→ **AIM OF THE EXERCISE**
Output the data below only from the line containing "端午節(jié)艾草香韻：傳" up to and including the line containing "Muratlı'da 22 yıl", exact and with the pictures left out.

→ **GIVEN RECORDS**
·····

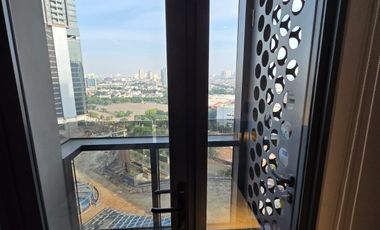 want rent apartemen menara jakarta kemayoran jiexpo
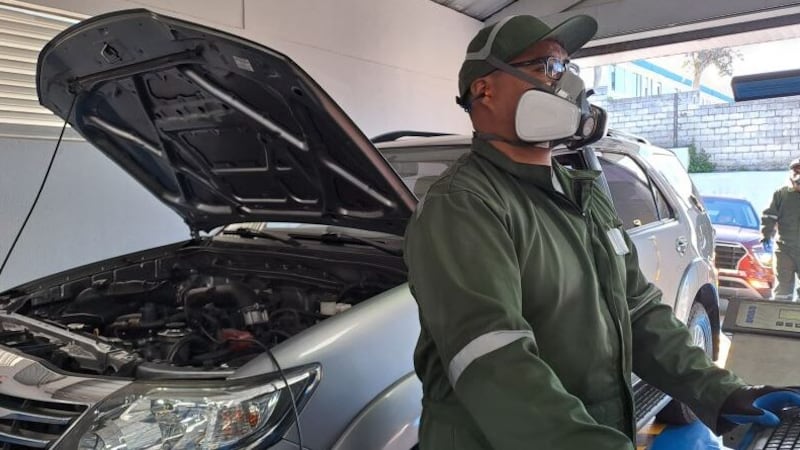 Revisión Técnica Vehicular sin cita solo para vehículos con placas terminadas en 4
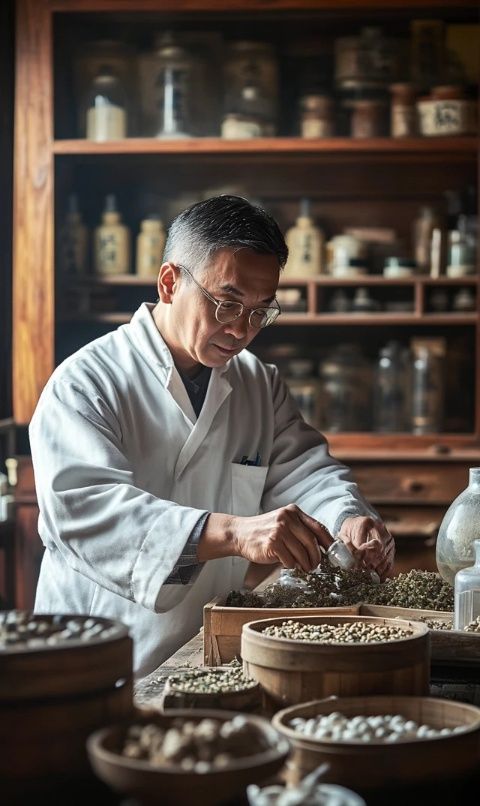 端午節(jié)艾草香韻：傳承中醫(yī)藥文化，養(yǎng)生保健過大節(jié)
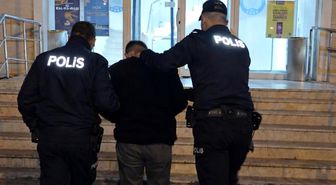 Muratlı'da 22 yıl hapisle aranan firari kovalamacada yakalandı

·····

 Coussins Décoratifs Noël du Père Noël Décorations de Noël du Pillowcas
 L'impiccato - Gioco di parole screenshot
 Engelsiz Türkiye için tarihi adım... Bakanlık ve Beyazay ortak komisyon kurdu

·····

→ **SOLUTION TO THIS EXERCISE**
 端午節(jié)艾草香韻：傳承中醫(yī)藥文化，養(yǎng)生保健過大節(jié)
 Muratlı'da 22 yıl hapisle aranan firari kovalamacada yakalandı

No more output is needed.